Mais selon Anton Börner, les pays de la zone euro auraient été depuis longtemps dans une profonde crise, car ils « vivent grâce à l’Allemagne qui accepte de réduire ses exportations pour leur ouvrir les portes du marché mondial », juge l’expert. À ses yeux, ceux qui soutiennent que l’Allemagne vit aux dépens de l’Europe « ne comprennent simplement pas ».

Le président de la BGA explique qu’il n’est pas rare que certains pays jouent le rôle de plateforme d’exportation pour d’autres. Aux États-Unis, illustre-t-il, « il existe de nombreuses disparités entre les États américains, qui possèdent également une monnaie commune ».

« L’existence de l’union monétaire nous aide », insiste Anton Börner.

Plus d’importation, mais aussi plus d’exportation

La croissance des exportations devrait être de 3 % pour l’Allemagne pour l’année qui vient, soit 1 130 milliards d’euros, selon les estimations de la BGA. Sur la même période, les importations allemandes devraient augmenter de 2 % pour atteindre 914 milliards d’euros. En fin de compte, l’excédent commercial sera de 215 milliards d’euros cette année.

Ce mardi 25 mars, le ministère fédéral allemand de l’Économie (BMWi) et l’association pour les affaires économiques extérieures Germany Trade & Invest (GTAI) ont donné la liste des marchés les plus importants pour les exportations allemandes : la Chine, la Colombie, la Corée du Sud, le Ghana, l’Indonésie et le Royaume-Uni.

Lors d’une conférence de presse commune, le gouvernement allemand a déclaré que ces six pays méritaient toute l’attention du secteur des exportations.

La zone euro est malade

Parmi les six marchés cités, seul le Royaume-Uni est dans l’Union européenne. Mais une proportion importante des exportations allemandes s’écoulent au sein de l’eurozone, et ne sont pas qualifiées d’exportations pour cette raison.

Alors que l’excédent commercial de l’Allemagne continue de progresser, les exportations vers l’UE ont diminué de 13 % en 2011, soit de 108 milliards d’euros.

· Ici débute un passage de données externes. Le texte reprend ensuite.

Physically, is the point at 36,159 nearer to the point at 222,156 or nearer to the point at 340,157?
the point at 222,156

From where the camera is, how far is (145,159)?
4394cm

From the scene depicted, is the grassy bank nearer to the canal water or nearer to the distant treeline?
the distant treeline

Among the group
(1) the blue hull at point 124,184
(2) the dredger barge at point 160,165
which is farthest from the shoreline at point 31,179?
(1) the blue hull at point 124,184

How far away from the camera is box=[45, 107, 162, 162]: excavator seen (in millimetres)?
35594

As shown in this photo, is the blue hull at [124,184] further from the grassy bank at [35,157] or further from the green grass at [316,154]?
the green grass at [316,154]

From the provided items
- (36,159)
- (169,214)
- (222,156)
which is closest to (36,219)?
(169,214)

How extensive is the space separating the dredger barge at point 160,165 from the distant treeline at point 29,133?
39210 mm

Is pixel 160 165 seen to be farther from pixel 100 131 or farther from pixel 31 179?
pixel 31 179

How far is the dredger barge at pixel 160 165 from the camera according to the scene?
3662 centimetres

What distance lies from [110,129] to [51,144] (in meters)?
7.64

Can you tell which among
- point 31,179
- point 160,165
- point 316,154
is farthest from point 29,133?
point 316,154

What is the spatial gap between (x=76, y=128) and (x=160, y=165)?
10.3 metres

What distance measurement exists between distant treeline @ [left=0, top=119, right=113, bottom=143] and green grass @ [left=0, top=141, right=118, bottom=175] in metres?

Si l’on prend en considération la zone euro seule, alors le déclin est encore plus marqué et s’élève à 29 %.

« Je dois d’autant plus  porter des objections face aux critiques faites contre les exportations allemandes», s’énerve Anton Börner. Selon lui, les exportations de la République fédérale allemande en comparaison de la moyenne de la zone euro n’ont jamais été aussi basses depuis dix ans.

Pour sa majeure partie, le déclin de l’excédent commercial de l’Allemagne est la résultante non d’une baisse des exportations, mais au contraire d’une augmentation des importations, met au clair le président de la BGA. Ces trois dernières années, les importations en provenance des États membres de l’UE sont en effet passées de 506 milliards à 515 milliards d’euros, alors que sur la même période les exportations ont baissé de 630 milliards d’euros à 623 milliards d’euros.

L’Allemagne exporte plus que ce qu’elle importe, et ce, depuis 1952 et n’a connu qu’un déficit commercial que dans les premières années qui ont suivi la Seconde Guerre Mondiale. Son excédent commercial est nettement plus élevé que celui de la France, des États-Unis et du Royaume-Uni.

L’ancien gouvernement d’Angela Merkel avait désapprouvé les critiques américaines faites dans le cadre d’un rapport semi-annuel remis par l’administration Obama au Congrès américain. Le rapport stipulait notamment que l’Allemagne devait augmenter ses importations.

Les Allemands ont indiqué que la plus grande économie européenne avait réduit de plus de la moitié son excédent commercial avec la zone euro afin de partager le PIB depuis 2007.